Joining Spain in the Winners Enclosure

It’s taken me a whole tournament but, like the Spanish, I’ve peeked at the vital moment. Yesterday I was crowned the weekly winner of The Guardian’s online football Gallery competition, for an effort recounting my ‘Euro 2012 memories’.

My joy was unbridled. I can now expect a copy of Rob Smyth’s Jumpers for Goalposts, in perfect time for my hols. My book review will appear on the blog in due course.

Let Jordan take flight

England’s answer to Xavi?

It came to me early this morning while I was in that blissful realm between sleep and full-consciousness: Jordan Henderson will be England’s Xavi Hernández. My semi-comatose mind wasn’t joining too many dots to get to this point; the simple formula is that under Brendan Rodgers at Liverpool Henderson will be refashioned into a metronomic passing machine that never gives the ball away.

No doubt I had been wrestling internally with the age-old problem of how supposedly technically gifted footballers with Three Lions on their chests can turn into clumsy carthorses when in possession. Every other international team on display at the Euros (bar Ireland, of course, and possibly Sweden – partly thanks to Roy Hodgson’s sabotage work there in the 70s and 80s?) have been far more comfortable on the ball than England. This much we all know. Taking the extreme example of Spain, their midfield containing Xavi-Busquets-Iniesta (with Cesc roaming just in front) greedily take care of the ball and look to control the tempo of their games. There are many reasons why England don’t do this (skill, bravery, fatigue, etc), but having a core of players dedicated to possession-football at club level is a huge advantage to Spain.

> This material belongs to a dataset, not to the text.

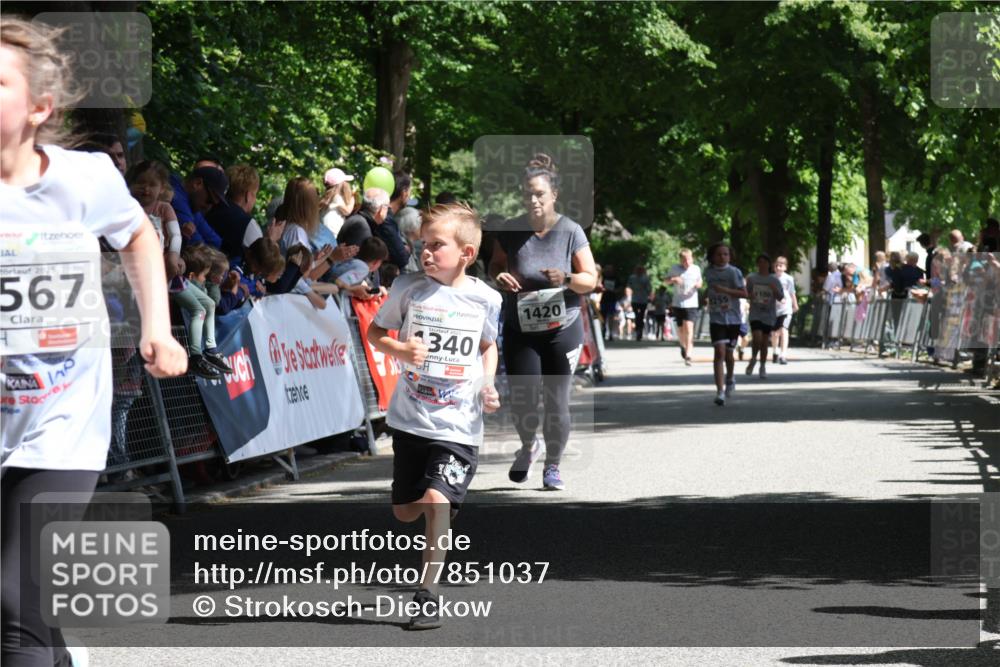 17.05.2025 - Störlauf Strokosch-Dieckow http://msf.ph/oto/7851037 17.05.2025 14:52:06 Ziel 2025, 567, 340, 1420 meine-sportfotos.de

Given that Rodgers can take a midfield journeyman like Leon Britton and get him playing like Xavi at Swansea City, then with a little time working on Henderson he should be able to give this much-maligned misfit the tutelage to become Liverpool’s passing linchpin.

England’s great midfield hope is Jack Wilshere, who’s seen his stock rise even further by virtue of not having being out in Polkraine. He, too, is schooled well at Arsenal. Wenger has never before trusted an English player to be the bedrock of his midfields, certainly since moving to the Barça-lite method he’s intent on pursuing in the rough-and-tumble Premier League. Wilshere can thus be the Xabi Alonso to the Xavi of Henderson; reading play in front of the back line and giving Henderson space to operate.

Possession football is just one way to win a football match. But right now, it seems like the best way, if carried out well. Germany was supposed to provide a Third Way between the Chelsea/England-style backs-to-the-wall strategy and Barça/Spain’s tiki-taka. That Bayern and Germany have both fallen just short in recent times perhaps suggests their dynamic approach isn’t yet fully honed. All we need now is for Roy Hodgson to renounce everything he’s espoused for the past 40 years and for Rodgers to turn Andy Carroll into Andrés Iniesta.